━━━━━ Provided material
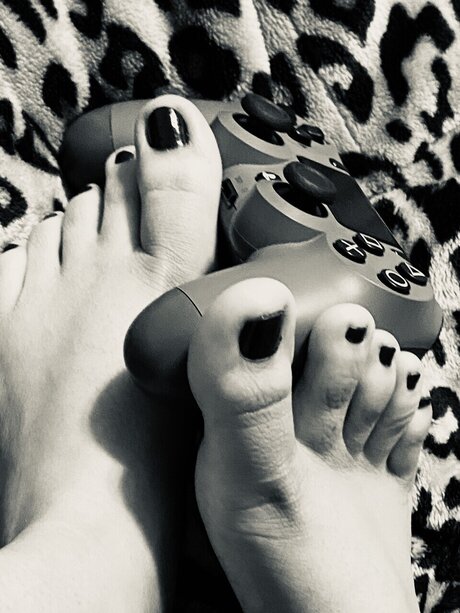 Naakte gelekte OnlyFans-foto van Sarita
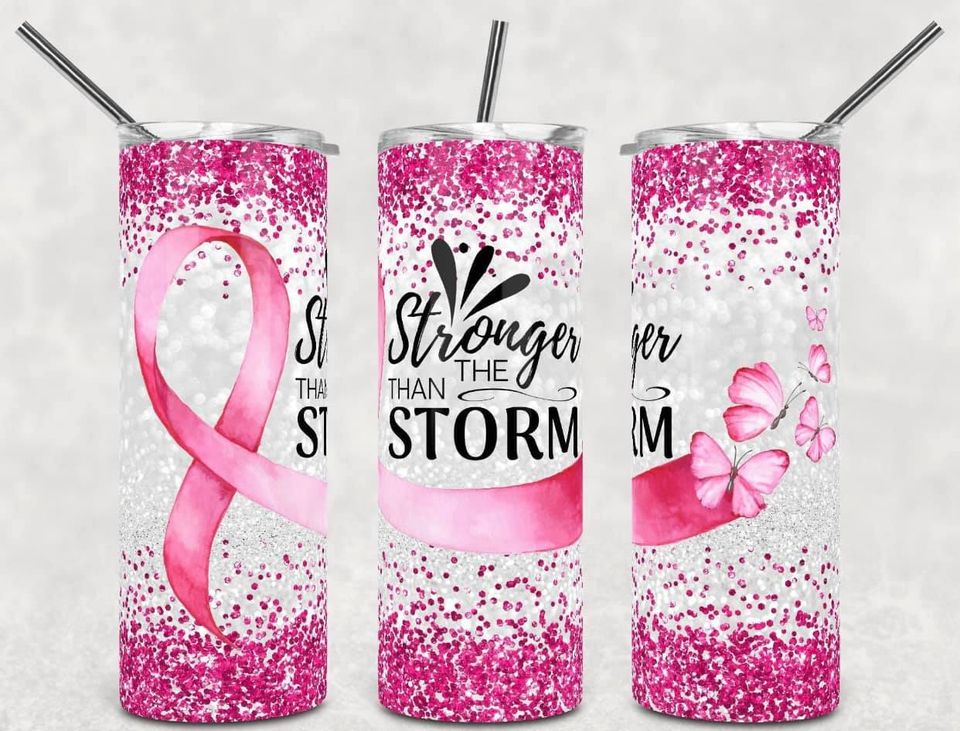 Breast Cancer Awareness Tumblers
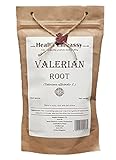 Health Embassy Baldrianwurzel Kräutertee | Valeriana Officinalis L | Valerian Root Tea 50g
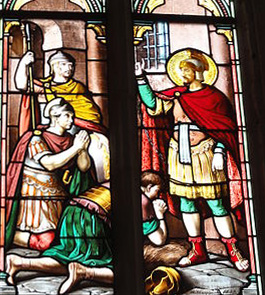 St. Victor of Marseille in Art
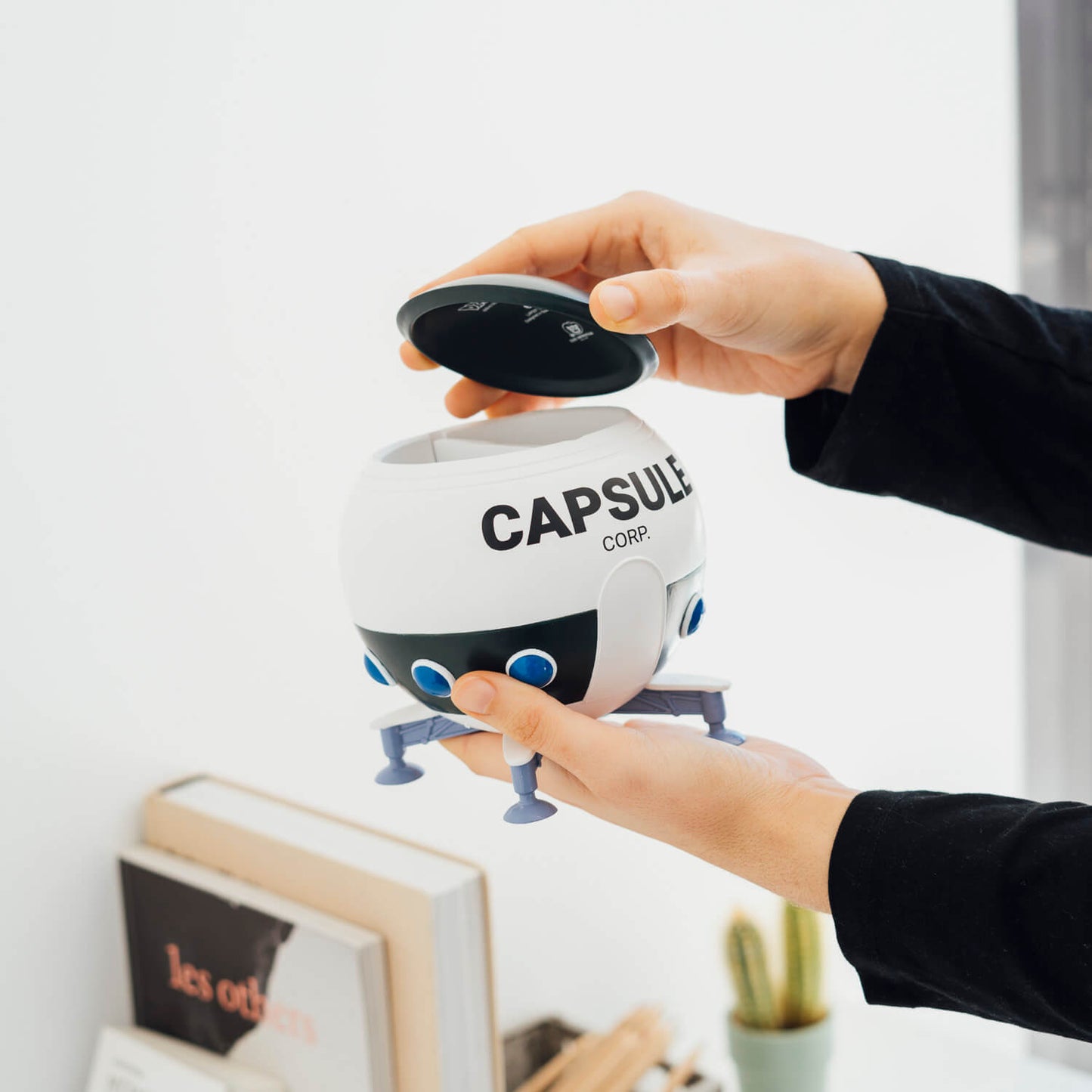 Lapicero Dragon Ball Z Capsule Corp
━━━━━━━━━━
━━━━━ Provided material
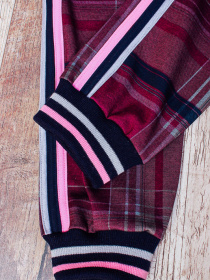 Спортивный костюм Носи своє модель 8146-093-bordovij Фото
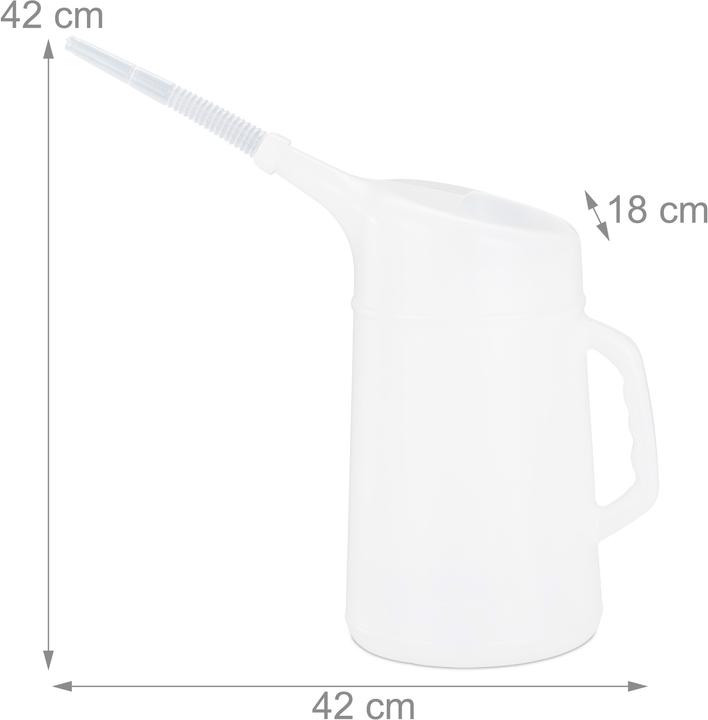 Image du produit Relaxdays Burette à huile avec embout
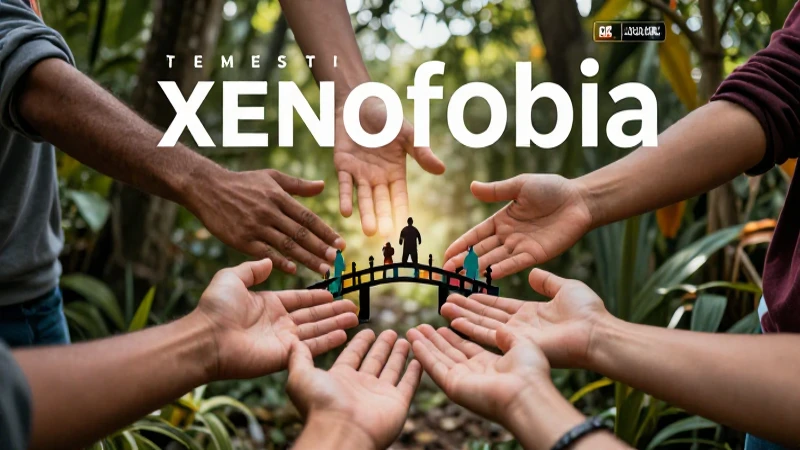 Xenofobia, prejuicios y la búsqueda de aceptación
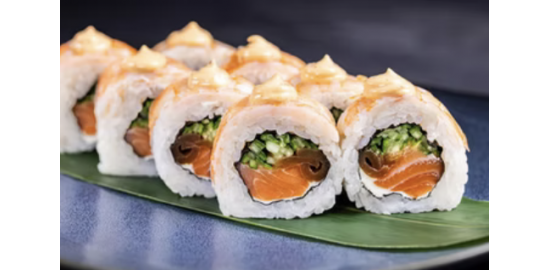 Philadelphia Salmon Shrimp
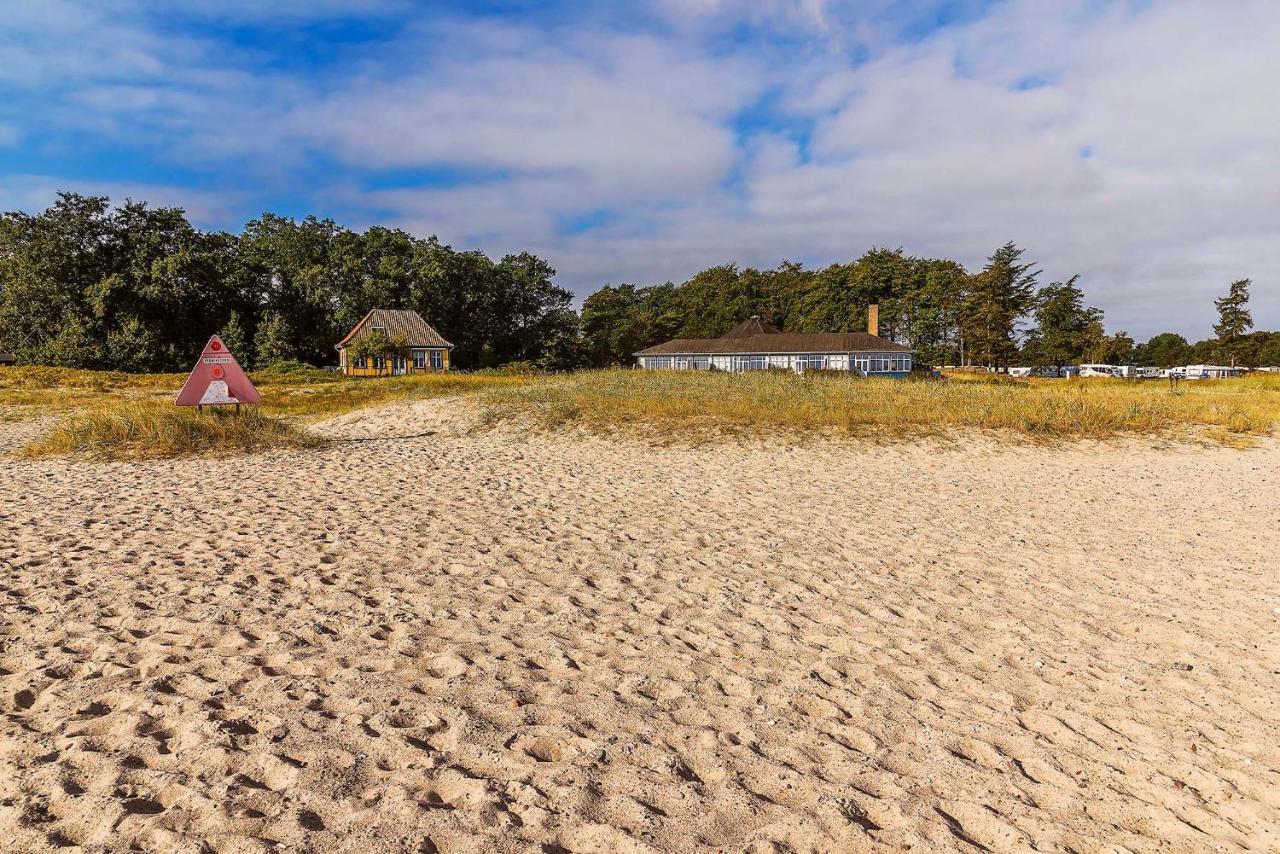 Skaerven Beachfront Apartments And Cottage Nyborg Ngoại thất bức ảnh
━━━━━━━━━━
* **Exercise details**: After locating the line containing "Philadelphia Salmon Shrimp" in the entries above, return it and every line after it exactly, ending at the line containing "Skaerven Beachfront Apartments", without pictures.

* **Response for this exercise**:
 Philadelphia Salmon Shrimp
 Skaerven Beachfront Apartments And Cottage Nyborg Ngoại thất bức ảnh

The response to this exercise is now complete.